Hiç düşündünüz mü, insanın sınırları tam olarak nerede başlar, nerede biter? Bugünün modern insanı için hayatta kalmak, belgesellerin konusu olmuş gibi. Sıcak evlerimizde, ekranlarımızın karşısında, her şey kontrol altında sanıyoruz. Ama hayat, tokadını ansızın indirir. Bir bakmışsınız, her şey bir camın ardında kalmış. Dışarısı buz gibi, içerisi sessiz ve umutsuz. İnsanı asıl sınayan şey, ne kadar konforlu bir yerde olduğu değil, o yerin ne zaman daralıp bir kafese dönüşeceğidir. Çünkü insan bazen dört duvar arasına değil, kendi düşüncelerinin içine hapsolur. Burası bir hastane odası olabilir, bir sıra kuyruğu, bir evin içi ya da sadece "normal" kabul ettiğimiz gündelik bir rutin. Zaman yavaşladığında, sesler sustuğunda, kalabalıklar çekildiğinde geriye sadece bir şey kalır: Sen… Ve o anda sorarsın kendine: Ben kimim?
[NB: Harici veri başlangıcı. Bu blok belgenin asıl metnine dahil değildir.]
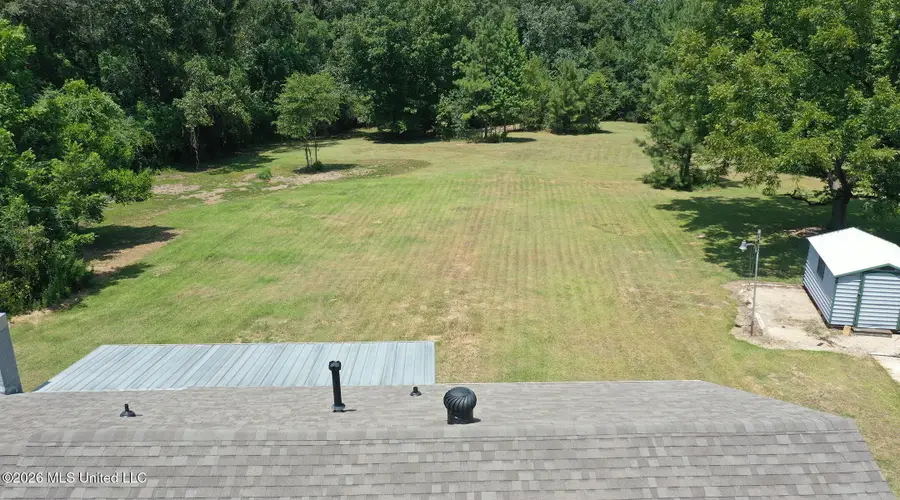 6121 Gibson Road, McComb, MS 39648 - #2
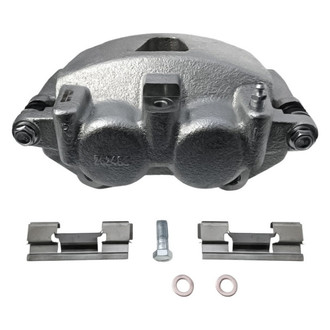 SKP® - Front Driver Side Disc Brake Caliper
Zor zamanlar, insanı süzer. Gerçek duygular, maskesiz yüzler, içten gelen sözler yalnızca kriz anlarında görünür olur. Çünkü güzel günlerde herkes yan yanadır. Ama asıl birlik, açken, korkarken, kaybederken belli olur. O yüzden soralım: Birlikte kalmak mı, yoksa yalnız ama sağ kalmak mı? Toplumlar da insanlar gibidir. Afetlerde, kayıplarda, acılarda şekillenir. Birlik, çiçekli masalarda değil; soğukta titrerken omuz omuza durabilenler arasında kurulur.
Konfor bazen fark ettirmeden bizi içten çürütür. Her şey yerli yerindeyken bile, ruhumuz eksilir. Çünkü rahatlık alışkanlık getirir, alışkanlık da farkındalığı siler. Ne zaman bir şeyler ters gider, işte o zaman dış dünyanın değil, içimizin sıcaklığına güvenmemiz gerekir. Direnmek sadece fiziksel bir güç meselesi değildir. İnanç ister, cesaret ister, paylaşmak ister. Gerçek ısı insanın içindedir. Onu ne kalorifer verir, ne güneş. Ancak insan insanla ısınır.